Answer 2: Use the function importance() from the package “randomForest” to see the variable importance measures by mean decrease in accuracy in the random forest model, i.e., importance(creditModelRF) or creditModelRF$importance or caret::varImp(creditModelRF). The model, with the random seed 12345, suggest the three most important features as “Account Balance”, “Duration of Credit”, and “Payment Status of Previous Credit”. The model, with the random seed 23458, suggest the three most important features as “Account Balance”, “Duration of Credit”, and “Credit Amount”. Both random forest cases and, plus, the decision tree model value “Account Balance” the most.

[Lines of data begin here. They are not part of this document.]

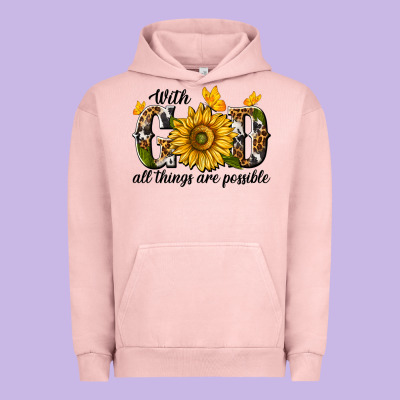 Urban Hoodie with god all things are possible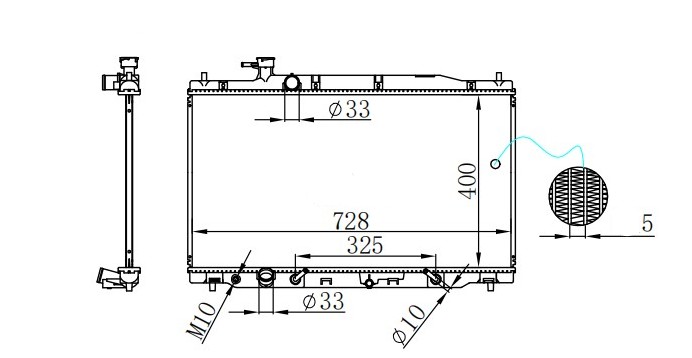RADISEN RR 681372 Radyatör Cr-V 2007 2.0 Ivtec 26mm Brazed 400x728x26 19010rza901-19010rzaa51-19010rzaa01-19010reza51-19010r11a51-19010rzpg51-19010rzpg01-19010rza901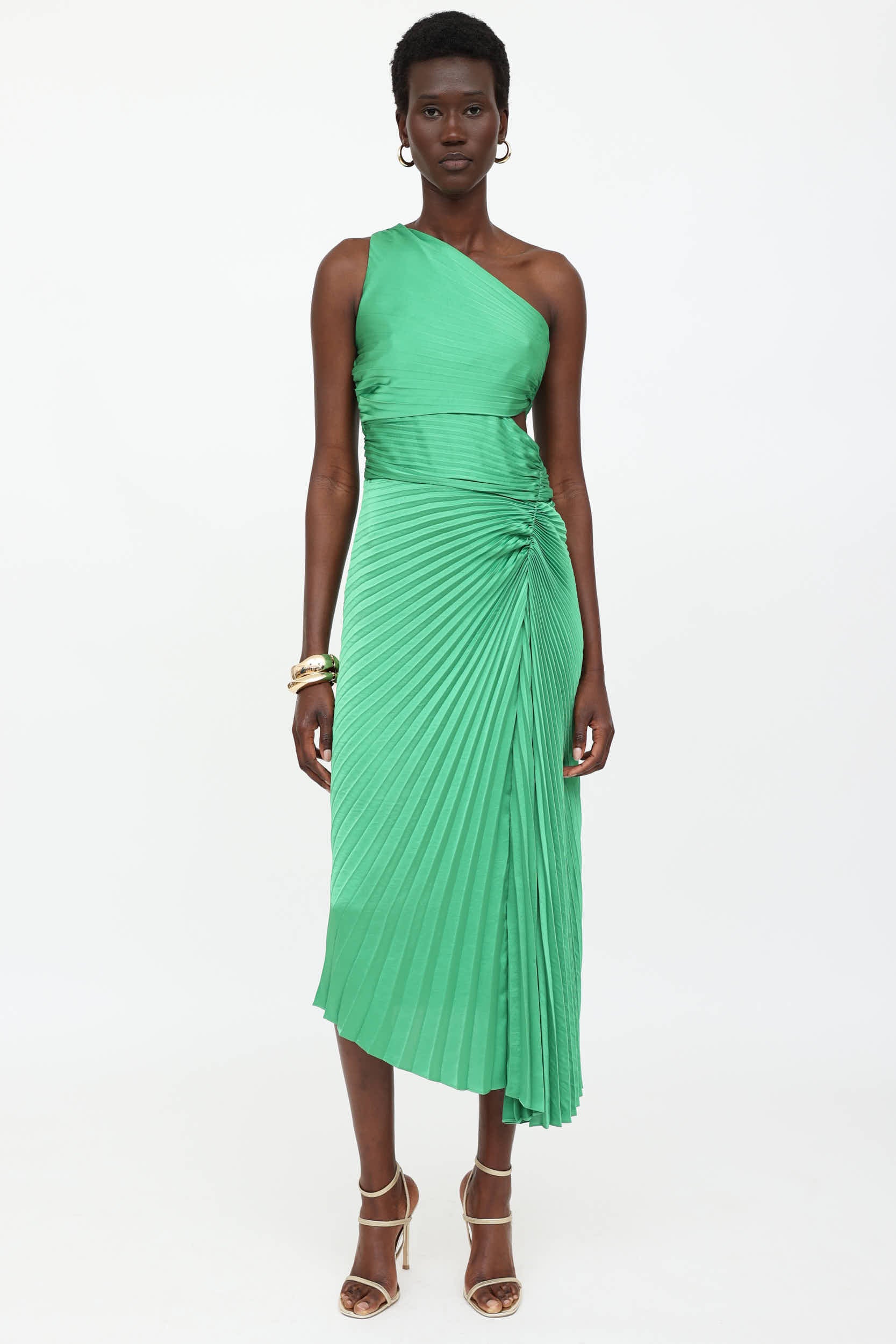 A.L.C. Lara Pleated Maxi Dress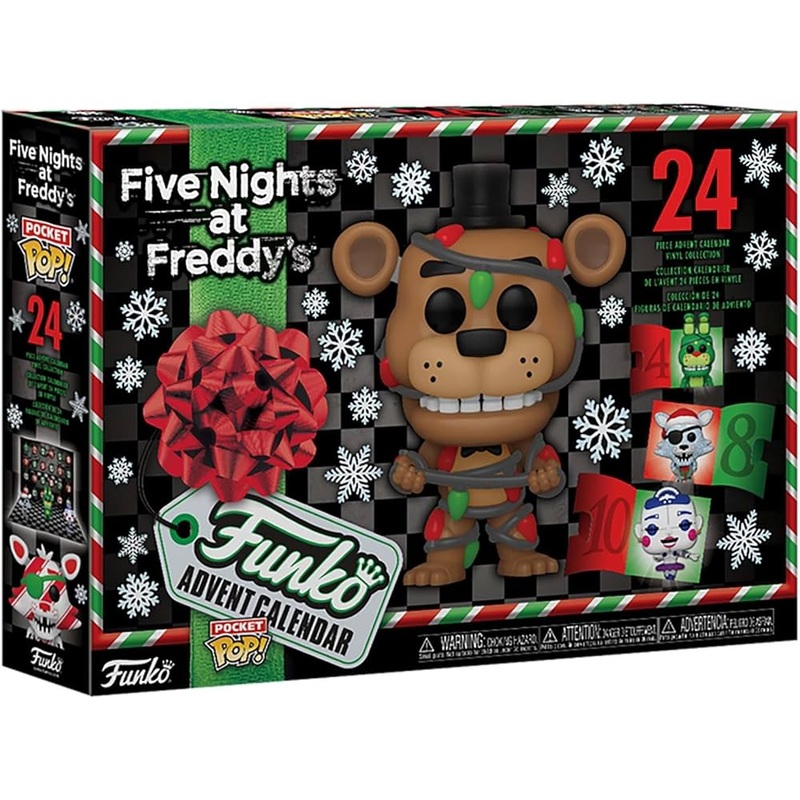 Funko Pocket Pop Holiday Advent Calendar! Five Nights at Freddys (FNAF) 24 Piece Advent Calendar Vinyl Collection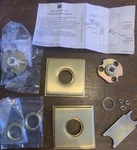 Baldwin Square Rosette Hollywood Hills 2-1/4 Vintage Brass & Fixings R049 Read. Fixed Price $39.99.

Furthermore, “The scikit-learn Random Forest feature importance and R’s default Random Forest feature importance strategies are biased. To get reliable results in Python, use permutation importance, provided here and in our rfpimp package (via pip). For R, use importance=T in the Random Forest constructor then type=1 in R’s importance() function. In addition, your feature importance measures will only be reliable if your model is trained with suitable hyper-parameters” (Parr, Turgutlu, Csiszar, and Howard, 2018).
creditModelRF <- randomForest(Creditability~., data=creditTraining, importance=T)
summary(creditModelRF)
## Length Class Mode
## call 4 -none- call
## type 1 -none- character
## predicted 900 factor numeric
## err.rate 1500 -none- numeric
## confusion 6 -none- numeric
## votes 1800 matrix numeric
## oob.times 900 -none- numeric
## classes 2 -none- character
## importance 80 -none- numeric
## importanceSD 60 -none- numeric
## localImportance 0 -none- NULL
## proximity 0 -none- NULL
## ntree 1 -none- numeric
## mtry 1 -none- numeric
## forest 14 -none- list
## y 900 factor numeric
## test 0 -none- NULL
## inbag 0 -none- NULL
## terms 3 terms call
creditPredRF <- predict(creditModelRF, creditTest)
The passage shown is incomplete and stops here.